Best Picture should have gone to this astonishingly bleak political thriller
Every day, Watch This offers staff recommendations inspired by a new movie coming out that week. This week: With the Oscars airing on Sunday, we look back at Best Picture nominees that should have won.
Z (1969)
Costa-Gavras’ Z may have won the Oscar for 1969’s Best Foreign Film, but as one of the few movies to be nominated in both categories, it should have also been named Best Picture—an honor that went to the superb, if nonetheless inferior, Midnight Cowboy. Shot in French, the Greek-born director’s third feature is based on Vassilis Vassilikos’ 1966 novel, and presents a fictionalized account of an assassination attempt that, as its introductory text bluntly states, is intended to resemble real life. Far from a staid docudrama account of an actual murder and the political/legal fallout, Z is a soaring thriller that rages with righteous fury. It’s an apt attitude for its story, which concerns the events surrounding a nuclear disarmament speech by democratic leader Deputy Grigoris Lambrakis (Yves Montand). His remarks are met with violent protests, tolerated (if not outright encouraged) by the police and its chief (Pierre Dux), who—in an opening scene—likens the “-isms” of the day (liberalism, socialism, communism) to corrosive mildew.
After Lambrakis’ rally, he’s mortally wounded by a man on a truck with a club, thus setting in motion an investigation that forms the heart of Z. Assigned to look into the murder, a young magistrate (Jean-Louis Trintignant) comes to understand that his bosses and the ruling military regime’s bigwigs expect him to deem the case a simple drunk-driving accident.
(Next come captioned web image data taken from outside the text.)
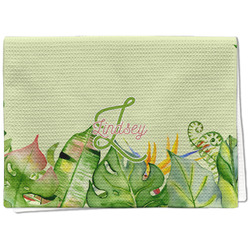 Tropical Leaves Border Kitchen Towel - Waffle Weave (Personalized)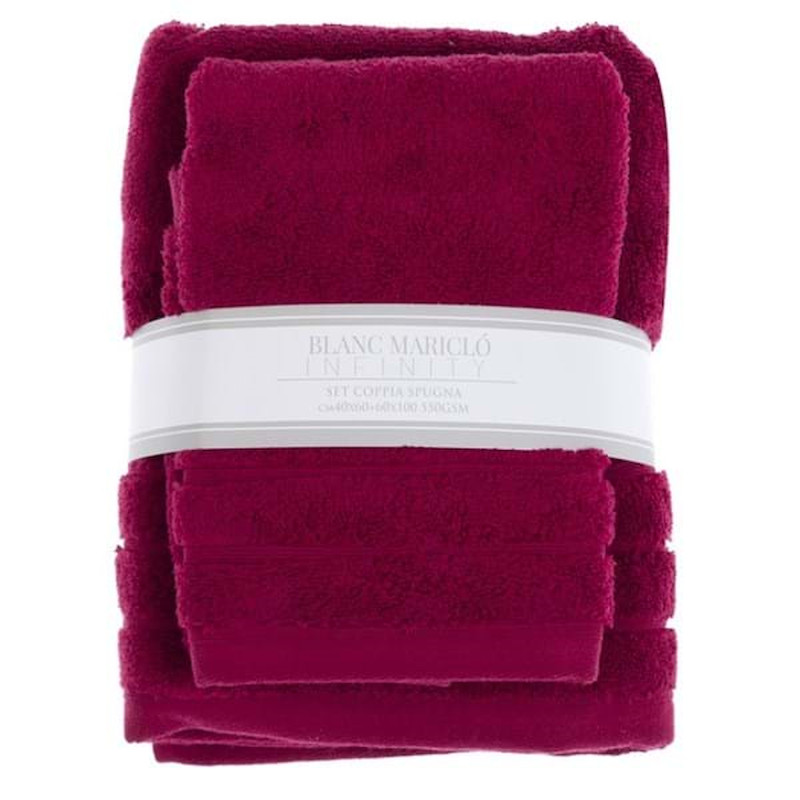 Blanc Mariclò Set Coppia Spugna Bordeaux Ref. A2648299BR - Tomasini Francia
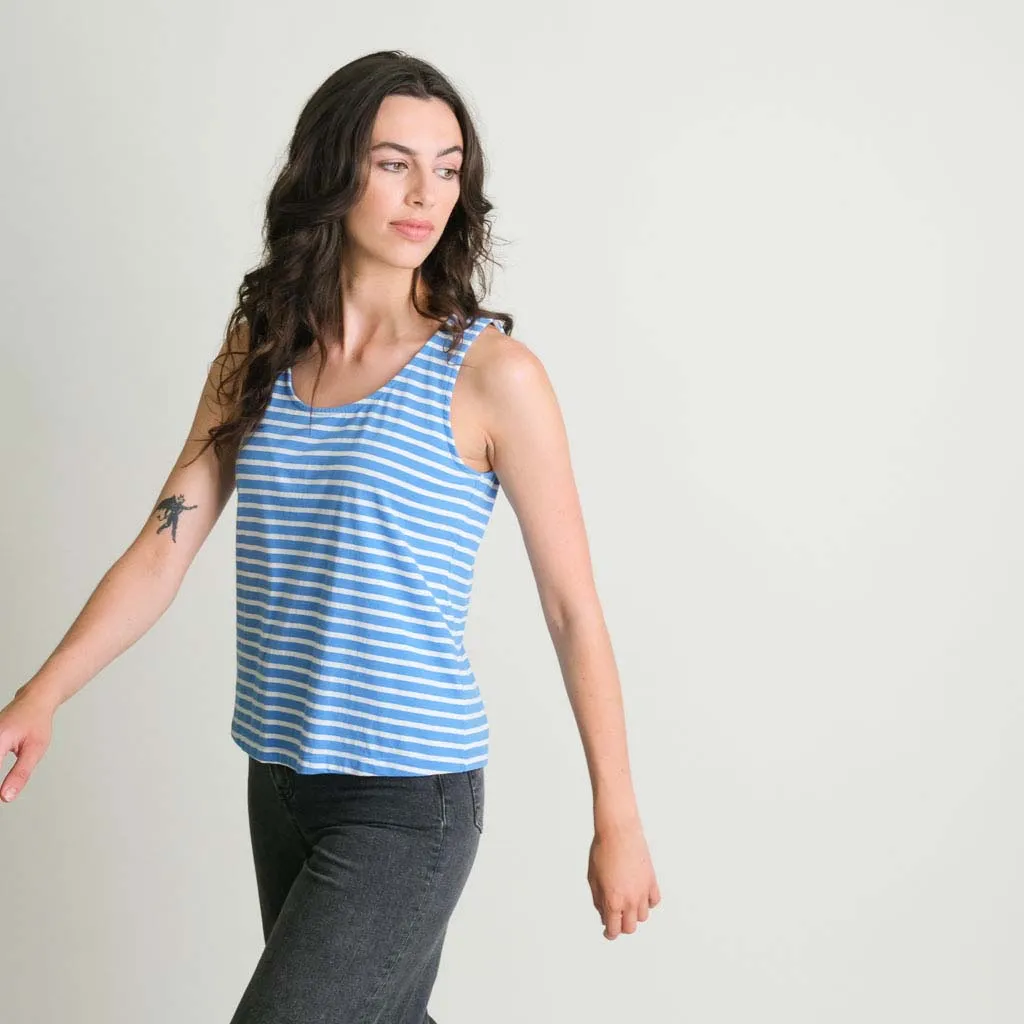 Rose Organic Cotton Striped Tank Top | Blue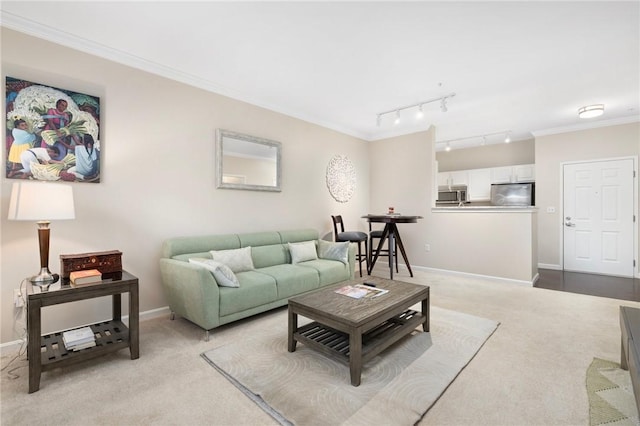 1000 Providence Pl Unit 142, Providence, RI 02903 - living room featuring rail lighting, light colored carpet, ornamental molding, and baseboards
Yet a raft of evidence courtesy of autopsies, witnesses, and photographs—some coming to his attention via the aid of a journalist (Jacques Perrin)—soon reveal a far larger conspiracy that puts him, and those around him, in jeopardy. Be it silent flashback montages that sharply interject themselves into the present-day action, or cross-cutting that works in tandem with handheld cinematography to create a sense of thrilling urgency, Z proves to be a taut, engrossing journey through a thicket of institutional corruption. It’s a procedural about individual and national crimes against democracy (and the truth) that’s ultimately so bleak, it almost veers into jet-black comedy.
Availability: Z is available on Criterion DVD, which can be obtained from Netflix or your local video store/library, and to rent or purchase from the major digital services.